YOUR ASSIGNMENT:
The line containing "Headshot of a" marks the end; write out exactly every line from the start of the data up to and including it, without the pictures.

───── DATA FOR ANALYSIS ─────

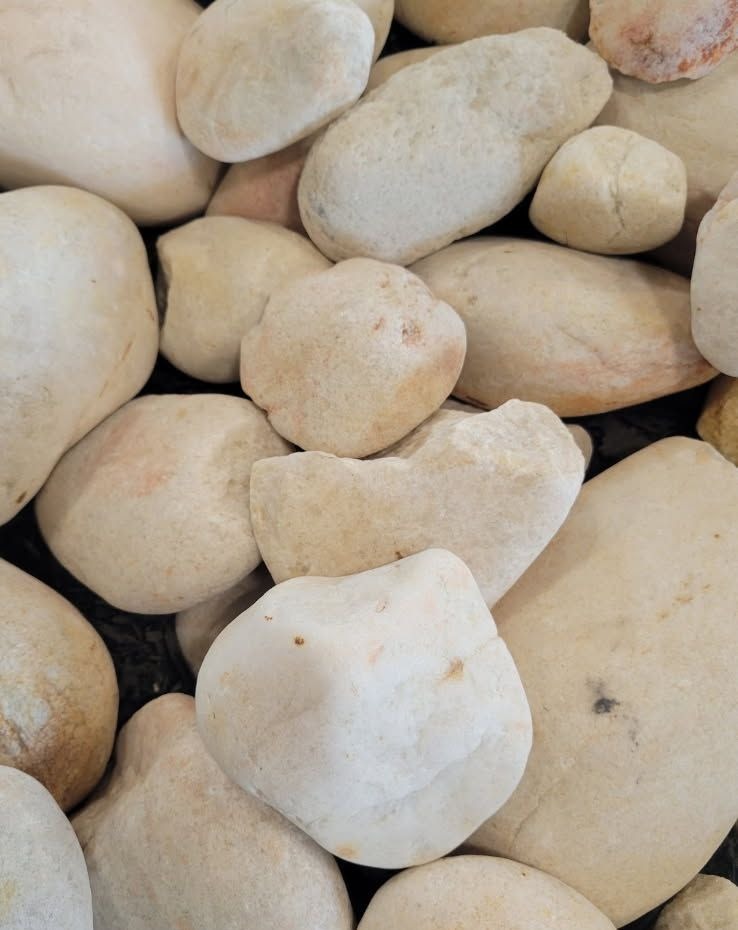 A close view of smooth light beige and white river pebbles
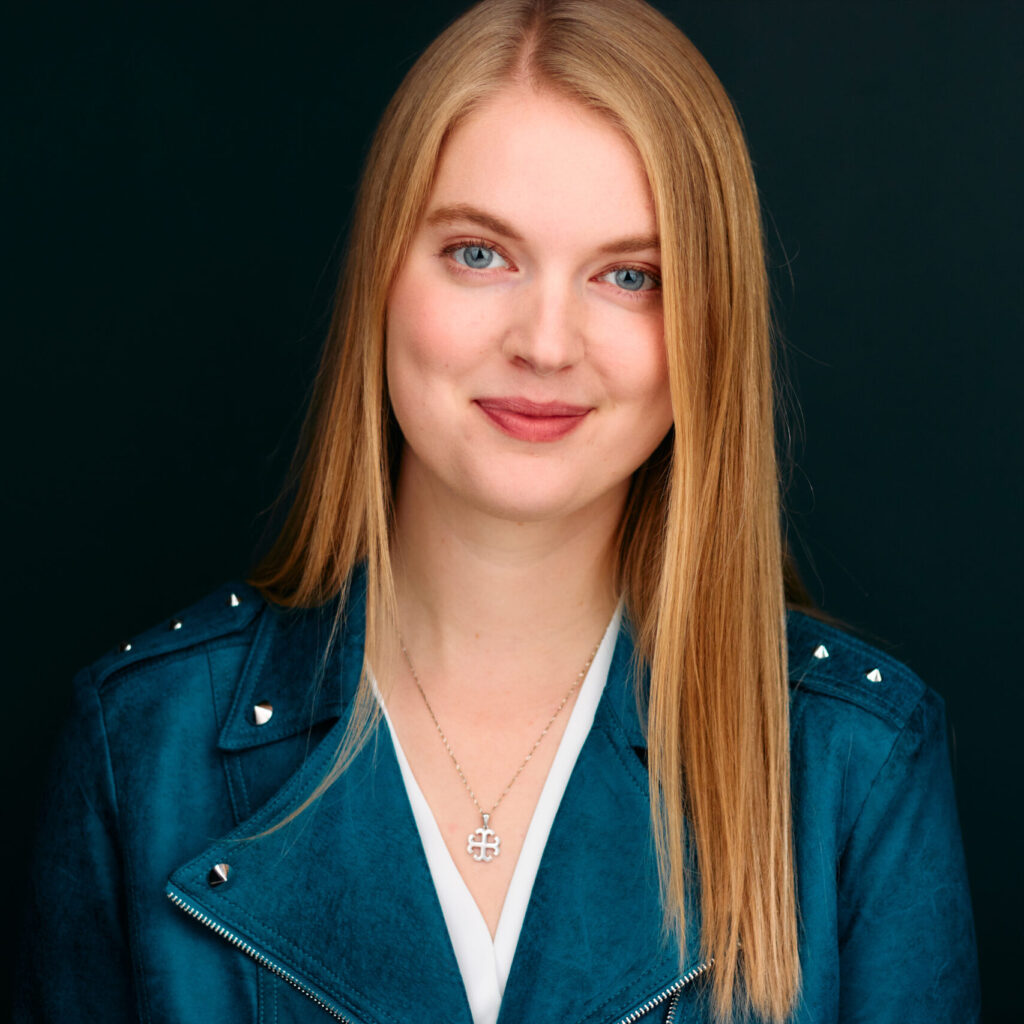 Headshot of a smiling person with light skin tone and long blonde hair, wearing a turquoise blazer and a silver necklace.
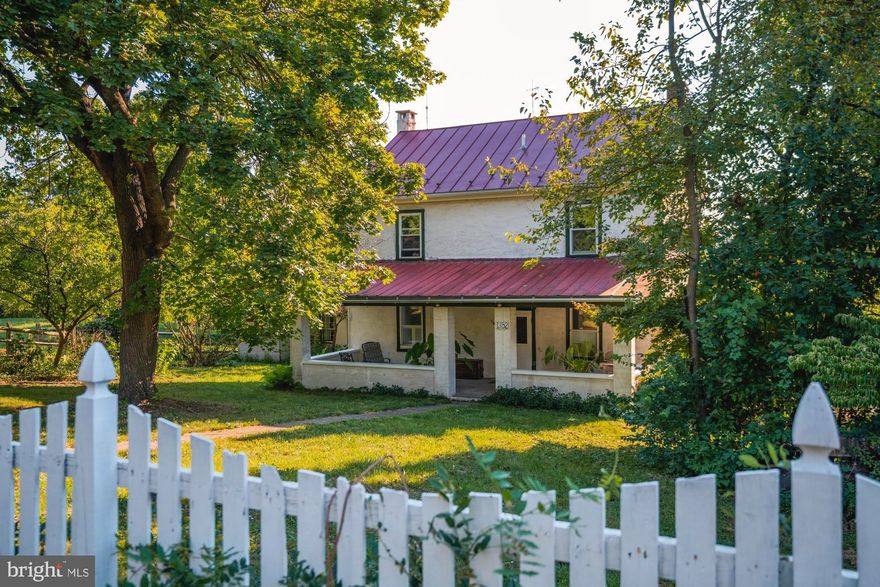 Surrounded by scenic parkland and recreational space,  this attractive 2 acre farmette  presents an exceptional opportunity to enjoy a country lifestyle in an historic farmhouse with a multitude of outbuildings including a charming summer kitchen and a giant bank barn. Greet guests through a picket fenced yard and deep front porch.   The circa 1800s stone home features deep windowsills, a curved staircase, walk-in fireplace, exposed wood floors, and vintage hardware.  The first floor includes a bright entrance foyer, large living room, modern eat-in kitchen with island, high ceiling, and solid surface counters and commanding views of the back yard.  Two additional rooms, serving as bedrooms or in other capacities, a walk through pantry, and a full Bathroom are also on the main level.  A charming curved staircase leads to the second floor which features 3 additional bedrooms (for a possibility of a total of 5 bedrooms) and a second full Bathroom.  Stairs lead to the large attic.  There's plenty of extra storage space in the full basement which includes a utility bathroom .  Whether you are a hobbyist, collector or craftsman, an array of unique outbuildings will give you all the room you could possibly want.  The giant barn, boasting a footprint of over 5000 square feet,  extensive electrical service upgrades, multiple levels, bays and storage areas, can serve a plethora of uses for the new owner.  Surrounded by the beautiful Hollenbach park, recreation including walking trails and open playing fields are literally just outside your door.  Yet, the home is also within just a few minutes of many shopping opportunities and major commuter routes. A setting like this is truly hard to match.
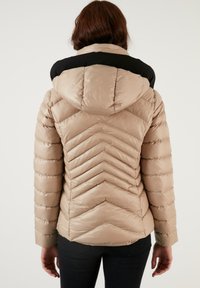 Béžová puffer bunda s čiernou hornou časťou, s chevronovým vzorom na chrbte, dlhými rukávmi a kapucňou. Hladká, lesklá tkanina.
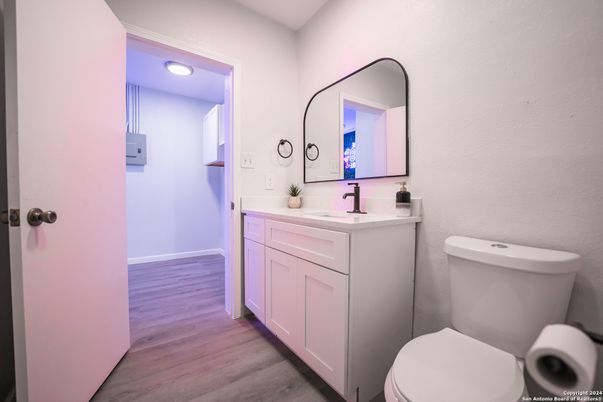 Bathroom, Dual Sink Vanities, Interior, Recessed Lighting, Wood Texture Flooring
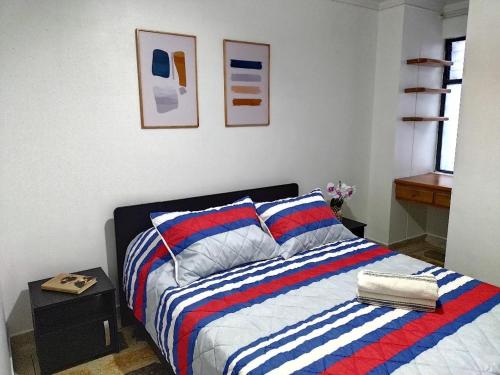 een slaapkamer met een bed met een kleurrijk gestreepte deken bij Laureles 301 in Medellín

─────

SOLUTION FOR THIS EXERCISE:
 A close view of smooth light beige and white river pebbles
 Headshot of a smiling person with light skin tone and long blonde hair, wearing a turquoise blazer and a silver necklace.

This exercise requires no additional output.